Como a Esalq pode estimular novas gerações a seguir carreiras no setor agrícola?
Isso passa por um trabalho forte de comunicação, que pode ajudar a sociedade identificar o que a Esalq proporciona. Mas quando eu ouço que o agro deve melhorar sua imagem, eu discordo em partes. O que devemos fazer, na verdade, e que pode convencer o público jovem a investir em profissões ligadas a atividade agrícola, é mostrarmos a realidade daquilo que já é muito bem feito no setor produtivo. A imagem deve ser uma consequência.
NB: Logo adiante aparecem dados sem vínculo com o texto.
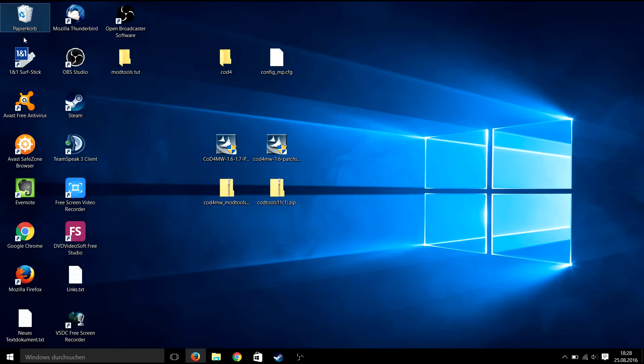What's up guys, this is Virus and today I will show you how to cleanly install Call of Duty 4 mod tools 1.1 and get ready for mapping and modding.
Então podemos destacar a organização das cadeias produtivas, os sistemas regenerativos e evidenciar pessoas que estão fazendo a diferença na sociedade. Nossos egressos se destacam nesse cenário de positividade, ocupando cargos em grandes empresas, em setores governamentais, em organizações não governamentais, enfim, no setor de produção de alimentos, de energia e fibras.
Quais as perspectivas do agronegócio para os próximos anos?
O Brasil possui capacidade para projetar ainda mais no setor no plano global, mas precisamos de estabilidade na realização de projetos de médio e longo prazos. Precisamos ter continuidade nas ações. A Esalq tem um potencial muito grande de contribuição para a agricultura de maneira geral e não somente para o agronegócio. O setor de alimentos, por exemplo, que é minha área de atuação, por ter mais proximidade com o consumidor final, tem se mostrado mais ágil nas modificações para atender esse consumidor. Por exemplo, o consumidor quer conhecer a origem dos produtos, quais são os ingredientes. O atual contexto exige esse tipo de reposicionamento das empresas. O agronegócio em si precisa mostrar mais aquilo que realiza e quais as mudanças estão sendo implementadas, principalmente nas questões relacionadas ao meio ambiente, uso de defensivos e boas práticas agrícolas. Acredito diante disso na necessidade de mudanças dos sistemas produtivos como um todo. O mundo pede essas mudanças.
Quais os rumos e perspectivas para a Esalq nas próximas décadas?
A Esalq, como instituição pública, tem que caminhar para atender o que a sociedade precisa. Temos que ter propostas para ensino, pesquisa, inovação e extensão, sempre aderentes ao que a sociedade espera. Ao longo da nossa caminhada, devemos sempre fazer as mudanças necessárias afim de continuamos competitivos, em termos ações para os alunos, captação de recursos para fomento à pesquisa, com apoio público e privado, sempre levando esses resultados à sociedade, o que é mais importante.